(What the exercise asks): Repeat the data below with no changes.
***** Records for this exercise
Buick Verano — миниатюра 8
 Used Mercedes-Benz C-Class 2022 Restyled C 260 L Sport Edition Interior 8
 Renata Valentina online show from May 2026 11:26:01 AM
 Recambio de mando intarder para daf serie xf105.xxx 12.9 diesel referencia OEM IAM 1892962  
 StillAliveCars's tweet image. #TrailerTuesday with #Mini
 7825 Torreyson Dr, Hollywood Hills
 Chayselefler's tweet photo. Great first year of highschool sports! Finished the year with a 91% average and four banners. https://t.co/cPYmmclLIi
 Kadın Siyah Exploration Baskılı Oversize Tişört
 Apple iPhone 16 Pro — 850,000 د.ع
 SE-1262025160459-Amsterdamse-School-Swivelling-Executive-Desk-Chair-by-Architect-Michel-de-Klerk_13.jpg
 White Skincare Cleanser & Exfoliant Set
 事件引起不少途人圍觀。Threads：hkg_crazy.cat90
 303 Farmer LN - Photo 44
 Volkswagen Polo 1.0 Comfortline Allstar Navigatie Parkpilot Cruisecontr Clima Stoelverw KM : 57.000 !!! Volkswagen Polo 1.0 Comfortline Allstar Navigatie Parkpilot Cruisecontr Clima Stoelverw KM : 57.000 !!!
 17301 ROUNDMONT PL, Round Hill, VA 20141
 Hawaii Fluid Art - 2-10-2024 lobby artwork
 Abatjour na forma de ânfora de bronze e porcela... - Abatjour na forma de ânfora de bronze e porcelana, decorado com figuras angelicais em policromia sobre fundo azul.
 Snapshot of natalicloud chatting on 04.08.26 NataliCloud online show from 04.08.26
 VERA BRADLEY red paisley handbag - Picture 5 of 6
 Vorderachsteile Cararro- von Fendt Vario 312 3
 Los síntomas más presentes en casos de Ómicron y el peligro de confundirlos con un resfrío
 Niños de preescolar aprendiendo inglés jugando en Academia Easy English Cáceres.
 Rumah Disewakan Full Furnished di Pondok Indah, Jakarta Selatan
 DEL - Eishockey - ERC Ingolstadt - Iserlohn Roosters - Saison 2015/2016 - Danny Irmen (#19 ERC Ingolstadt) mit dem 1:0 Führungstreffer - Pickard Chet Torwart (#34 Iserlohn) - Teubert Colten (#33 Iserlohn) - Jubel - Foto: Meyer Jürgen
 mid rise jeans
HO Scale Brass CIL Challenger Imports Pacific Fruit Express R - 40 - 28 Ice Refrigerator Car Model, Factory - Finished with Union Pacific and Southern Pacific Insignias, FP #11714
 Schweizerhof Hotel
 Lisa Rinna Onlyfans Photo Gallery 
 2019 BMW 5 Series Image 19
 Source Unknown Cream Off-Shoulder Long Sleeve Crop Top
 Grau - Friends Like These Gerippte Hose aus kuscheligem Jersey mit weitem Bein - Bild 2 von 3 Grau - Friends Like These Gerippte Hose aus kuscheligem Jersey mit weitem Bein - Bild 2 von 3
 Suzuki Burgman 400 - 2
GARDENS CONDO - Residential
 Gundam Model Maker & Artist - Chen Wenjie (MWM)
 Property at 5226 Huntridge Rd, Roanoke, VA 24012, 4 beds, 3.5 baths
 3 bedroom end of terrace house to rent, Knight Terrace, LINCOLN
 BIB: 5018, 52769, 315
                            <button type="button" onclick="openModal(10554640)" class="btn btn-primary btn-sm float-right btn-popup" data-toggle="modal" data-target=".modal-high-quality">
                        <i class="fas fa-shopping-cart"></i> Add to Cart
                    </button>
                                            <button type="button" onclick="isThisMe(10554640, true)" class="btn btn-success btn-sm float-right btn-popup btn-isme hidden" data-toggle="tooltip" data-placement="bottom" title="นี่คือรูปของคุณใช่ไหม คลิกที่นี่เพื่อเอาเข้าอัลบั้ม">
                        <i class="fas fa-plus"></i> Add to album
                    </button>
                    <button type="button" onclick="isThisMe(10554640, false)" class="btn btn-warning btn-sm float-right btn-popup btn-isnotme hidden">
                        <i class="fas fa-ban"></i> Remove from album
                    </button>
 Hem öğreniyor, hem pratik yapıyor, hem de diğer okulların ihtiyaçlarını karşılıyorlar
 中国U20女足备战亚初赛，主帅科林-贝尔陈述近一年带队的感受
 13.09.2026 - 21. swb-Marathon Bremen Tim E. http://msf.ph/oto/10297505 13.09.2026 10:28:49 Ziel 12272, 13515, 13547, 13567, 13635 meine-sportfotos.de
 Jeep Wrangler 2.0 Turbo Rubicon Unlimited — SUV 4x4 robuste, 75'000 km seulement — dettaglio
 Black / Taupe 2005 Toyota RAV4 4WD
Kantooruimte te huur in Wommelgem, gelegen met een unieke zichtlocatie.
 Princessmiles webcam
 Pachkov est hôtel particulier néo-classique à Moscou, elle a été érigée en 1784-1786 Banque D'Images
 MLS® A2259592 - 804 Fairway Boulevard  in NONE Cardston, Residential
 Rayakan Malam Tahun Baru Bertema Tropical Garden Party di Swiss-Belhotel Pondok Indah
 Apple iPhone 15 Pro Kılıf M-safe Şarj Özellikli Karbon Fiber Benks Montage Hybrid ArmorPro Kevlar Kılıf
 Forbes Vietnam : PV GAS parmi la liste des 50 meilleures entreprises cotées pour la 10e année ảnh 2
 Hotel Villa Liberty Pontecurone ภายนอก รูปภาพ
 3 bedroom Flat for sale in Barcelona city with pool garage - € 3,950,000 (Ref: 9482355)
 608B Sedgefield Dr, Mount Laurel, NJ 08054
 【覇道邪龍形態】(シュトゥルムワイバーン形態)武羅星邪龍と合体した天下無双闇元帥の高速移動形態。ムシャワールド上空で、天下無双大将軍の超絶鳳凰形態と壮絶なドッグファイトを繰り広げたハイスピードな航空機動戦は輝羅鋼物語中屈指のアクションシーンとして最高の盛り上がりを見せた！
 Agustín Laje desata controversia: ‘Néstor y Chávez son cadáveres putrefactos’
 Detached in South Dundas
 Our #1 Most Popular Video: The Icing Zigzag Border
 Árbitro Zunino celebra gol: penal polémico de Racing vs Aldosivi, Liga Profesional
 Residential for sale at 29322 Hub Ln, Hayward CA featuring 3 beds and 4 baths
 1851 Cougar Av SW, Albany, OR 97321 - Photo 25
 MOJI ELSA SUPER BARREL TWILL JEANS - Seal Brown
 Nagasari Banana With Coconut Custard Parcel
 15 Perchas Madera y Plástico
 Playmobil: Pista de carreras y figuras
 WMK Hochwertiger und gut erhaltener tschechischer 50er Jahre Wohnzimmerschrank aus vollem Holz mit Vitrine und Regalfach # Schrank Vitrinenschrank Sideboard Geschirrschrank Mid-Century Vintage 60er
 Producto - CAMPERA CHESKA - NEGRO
**********
(Result below):
Buick Verano — миниатюра 8
 Used Mercedes-Benz C-Class 2022 Restyled C 260 L Sport Edition Interior 8
 Renata Valentina online show from May 2026 11:26:01 AM
 Recambio de mando intarder para daf serie xf105.xxx 12.9 diesel referencia OEM IAM 1892962  
 StillAliveCars's tweet image. #TrailerTuesday with #Mini
 7825 Torreyson Dr, Hollywood Hills
 Chayselefler's tweet photo. Great first year of highschool sports! Finished the year with a 91% average and four banners. https://t.co/cPYmmclLIi
 Kadın Siyah Exploration Baskılı Oversize Tişört
 Apple iPhone 16 Pro — 850,000 د.ع
 SE-1262025160459-Amsterdamse-School-Swivelling-Executive-Desk-Chair-by-Architect-Michel-de-Klerk_13.jpg
 White Skincare Cleanser & Exfoliant Set
 事件引起不少途人圍觀。Threads：hkg_crazy.cat90
 303 Farmer LN - Photo 44
 Volkswagen Polo 1.0 Comfortline Allstar Navigatie Parkpilot Cruisecontr Clima Stoelverw KM : 57.000 !!! Volkswagen Polo 1.0 Comfortline Allstar Navigatie Parkpilot Cruisecontr Clima Stoelverw KM : 57.000 !!!
 17301 ROUNDMONT PL, Round Hill, VA 20141
 Hawaii Fluid Art - 2-10-2024 lobby artwork
 Abatjour na forma de ânfora de bronze e porcela... - Abatjour na forma de ânfora de bronze e porcelana, decorado com figuras angelicais em policromia sobre fundo azul.
 Snapshot of natalicloud chatting on 04.08.26 NataliCloud online show from 04.08.26
 VERA BRADLEY red paisley handbag - Picture 5 of 6
 Vorderachsteile Cararro- von Fendt Vario 312 3
 Los síntomas más presentes en casos de Ómicron y el peligro de confundirlos con un resfrío
 Niños de preescolar aprendiendo inglés jugando en Academia Easy English Cáceres.
 Rumah Disewakan Full Furnished di Pondok Indah, Jakarta Selatan
 DEL - Eishockey - ERC Ingolstadt - Iserlohn Roosters - Saison 2015/2016 - Danny Irmen (#19 ERC Ingolstadt) mit dem 1:0 Führungstreffer - Pickard Chet Torwart (#34 Iserlohn) - Teubert Colten (#33 Iserlohn) - Jubel - Foto: Meyer Jürgen
 mid rise jeans
HO Scale Brass CIL Challenger Imports Pacific Fruit Express R - 40 - 28 Ice Refrigerator Car Model, Factory - Finished with Union Pacific and Southern Pacific Insignias, FP #11714
 Schweizerhof Hotel
 Lisa Rinna Onlyfans Photo Gallery 
 2019 BMW 5 Series Image 19
 Source Unknown Cream Off-Shoulder Long Sleeve Crop Top
 Grau - Friends Like These Gerippte Hose aus kuscheligem Jersey mit weitem Bein - Bild 2 von 3 Grau - Friends Like These Gerippte Hose aus kuscheligem Jersey mit weitem Bein - Bild 2 von 3
 Suzuki Burgman 400 - 2
GARDENS CONDO - Residential
 Gundam Model Maker & Artist - Chen Wenjie (MWM)
 Property at 5226 Huntridge Rd, Roanoke, VA 24012, 4 beds, 3.5 baths
 3 bedroom end of terrace house to rent, Knight Terrace, LINCOLN
 BIB: 5018, 52769, 315
                            <button type="button" onclick="openModal(10554640)" class="btn btn-primary btn-sm float-right btn-popup" data-toggle="modal" data-target=".modal-high-quality">
                        <i class="fas fa-shopping-cart"></i> Add to Cart
                    </button>
                                            <button type="button" onclick="isThisMe(10554640, true)" class="btn btn-success btn-sm float-right btn-popup btn-isme hidden" data-toggle="tooltip" data-placement="bottom" title="นี่คือรูปของคุณใช่ไหม คลิกที่นี่เพื่อเอาเข้าอัลบั้ม">
                        <i class="fas fa-plus"></i> Add to album
                    </button>
                    <button type="button" onclick="isThisMe(10554640, false)" class="btn btn-warning btn-sm float-right btn-popup btn-isnotme hidden">
                        <i class="fas fa-ban"></i> Remove from album
                    </button>
 Hem öğreniyor, hem pratik yapıyor, hem de diğer okulların ihtiyaçlarını karşılıyorlar
 中国U20女足备战亚初赛，主帅科林-贝尔陈述近一年带队的感受
 13.09.2026 - 21. swb-Marathon Bremen Tim E. http://msf.ph/oto/10297505 13.09.2026 10:28:49 Ziel 12272, 13515, 13547, 13567, 13635 meine-sportfotos.de
 Jeep Wrangler 2.0 Turbo Rubicon Unlimited — SUV 4x4 robuste, 75'000 km seulement — dettaglio
 Black / Taupe 2005 Toyota RAV4 4WD
Kantooruimte te huur in Wommelgem, gelegen met een unieke zichtlocatie.
 Princessmiles webcam
 Pachkov est hôtel particulier néo-classique à Moscou, elle a été érigée en 1784-1786 Banque D'Images
 MLS® A2259592 - 804 Fairway Boulevard  in NONE Cardston, Residential
 Rayakan Malam Tahun Baru Bertema Tropical Garden Party di Swiss-Belhotel Pondok Indah
 Apple iPhone 15 Pro Kılıf M-safe Şarj Özellikli Karbon Fiber Benks Montage Hybrid ArmorPro Kevlar Kılıf
 Forbes Vietnam : PV GAS parmi la liste des 50 meilleures entreprises cotées pour la 10e année ảnh 2
 Hotel Villa Liberty Pontecurone ภายนอก รูปภาพ
 3 bedroom Flat for sale in Barcelona city with pool garage - € 3,950,000 (Ref: 9482355)
 608B Sedgefield Dr, Mount Laurel, NJ 08054
 【覇道邪龍形態】(シュトゥルムワイバーン形態)武羅星邪龍と合体した天下無双闇元帥の高速移動形態。ムシャワールド上空で、天下無双大将軍の超絶鳳凰形態と壮絶なドッグファイトを繰り広げたハイスピードな航空機動戦は輝羅鋼物語中屈指のアクションシーンとして最高の盛り上がりを見せた！
 Agustín Laje desata controversia: ‘Néstor y Chávez son cadáveres putrefactos’
 Detached in South Dundas
 Our #1 Most Popular Video: The Icing Zigzag Border
 Árbitro Zunino celebra gol: penal polémico de Racing vs Aldosivi, Liga Profesional
 Residential for sale at 29322 Hub Ln, Hayward CA featuring 3 beds and 4 baths
 1851 Cougar Av SW, Albany, OR 97321 - Photo 25
 MOJI ELSA SUPER BARREL TWILL JEANS - Seal Brown
 Nagasari Banana With Coconut Custard Parcel
 15 Perchas Madera y Plástico
 Playmobil: Pista de carreras y figuras
 WMK Hochwertiger und gut erhaltener tschechischer 50er Jahre Wohnzimmerschrank aus vollem Holz mit Vitrine und Regalfach # Schrank Vitrinenschrank Sideboard Geschirrschrank Mid-Century Vintage 60er
 Producto - CAMPERA CHESKA - NEGRO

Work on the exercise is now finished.